It should not surprise anyone that a film from Jean-Luc Godard will invariably attract the usual assortment of Post-Modernist, ethically and politically retarded, anti-Western afficionados. Some of that can be seen in the reviews for this film, both on this page and throughout the Internet. The truth however, is that while Godard was a borderline socialist and critical of the supposed decadence of "America", he was more of a heroic individualist than anything else and his pre-1970 films all demonstrate this fact.
Alphavile is without a doubt, his greatest achievement and it is a work that speaks of an artistic sensibility all but lost in the France of today, which is overun with rampant anti-intellectualism and a worship of un-reason.
Godard takes the Bogart-like "Lemmy Caution" character out of his former slew of 40/50's French spy thrillers and puts the very same character into a future where a technocratic dictatorship exists. In doing so, the very best idealism of American pulp-fiction is given back its soul by a French director, Godard, who truly was interested in the world of ideas.

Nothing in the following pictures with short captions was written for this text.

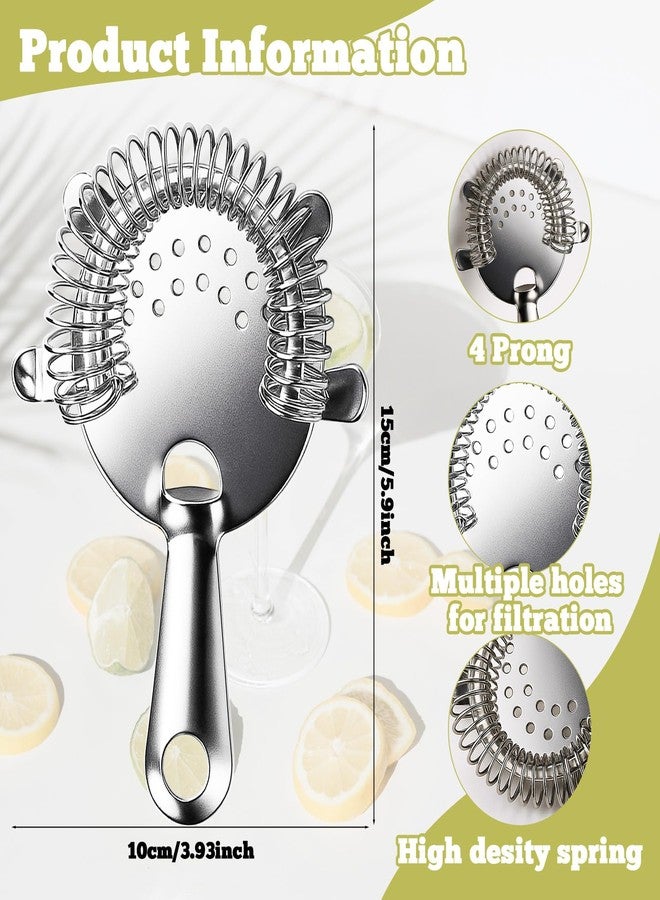 Tinsky 10 Pack Stainless Steel Cocktail Strainer,5 Pcs Cone Shaped Small Fine Mesh Strainer Sieve and 5 Pcs 4-Prong Bar Drink Strainer for Bartender Juice Tea Coffee - Image 5
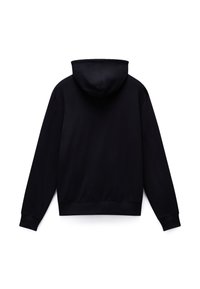 Must kapuutsiga pusajakk, puuvillasegu, pikad varrukad, soonikuga mansetid ja alumine äär, sile tekstuur, minimalistlik kujundus, nähtavaid logosid ega mustreid ei ole.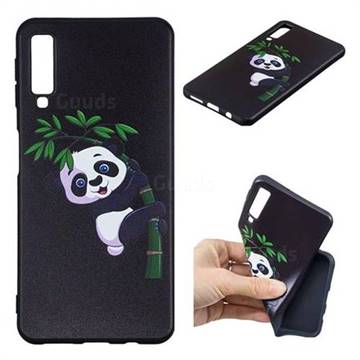 Bamboo Panda 3D Embossed Relief Black Soft Back Cover for Samsung Galaxy A7 (2018)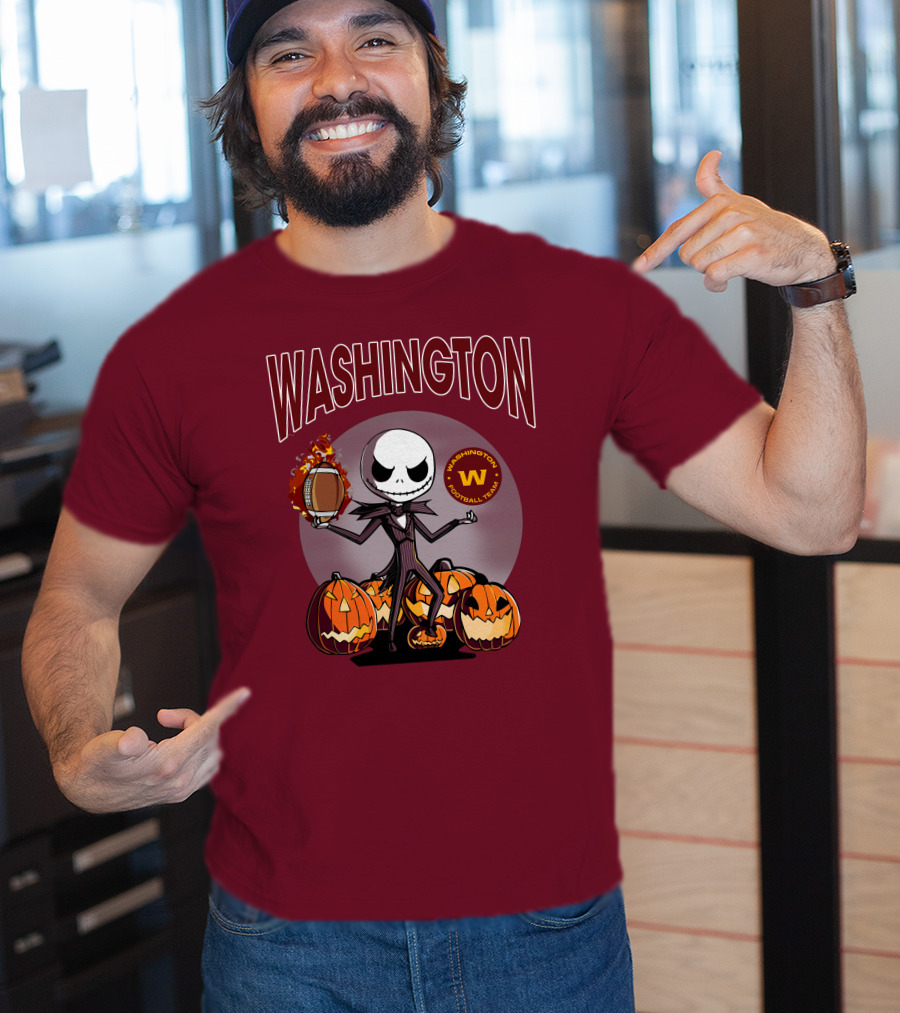 Washington Football Team Jack Skellington Halloween Pumpkins Football T-Shirt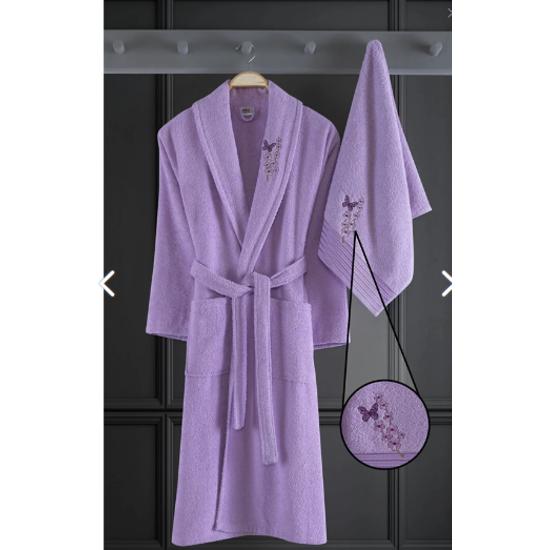 Alya Семейный халат из 4 предметов с вышивкой из хлопка Сиреневый I Серый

This film not only shows why a totalitarian state must be destroyed, it also demonstrates some key philosophical concepts in the process. Through Godard, we learn that it is language that first must be assaulted before one can enslave man, then mathematics, then history and finally, the human mind itself. We can see parallels to this line of thinking through the world today and yet, how ironic that it is today's France that probably best embodies Godard's nightmare come to life (for a Western democracy of course).
The cinematography of Alphaville is superb, as is the musical score by Paul Misraki which is one of the finest I have experienced, for it reaches its crescendo with the most important line in the film, almost as an answer to a question. The theme of Alphaville is simple enough - the Individual against the State, but the soul of Alphaville reaches higher to a level where Man is sanctified against all intrusions on his life, liberty and happiness.
Anna Karina plays the part of the Ideal Woman still capable of feeling and understanding the value of love and that immortal word that may still one day save humanity - "I". It is a rare thing to find a work of art that speaks so eloquently to the sublime beauty of Man, Humanity and Individualism. Godard does this and more in Alphaville and for that, he should go down in history as one of Europe's finest artists.
Note - One would need to watch this film about 3 times to completely grasp every important nuance. Also, Anthem and 1984 are good reads along the same vain.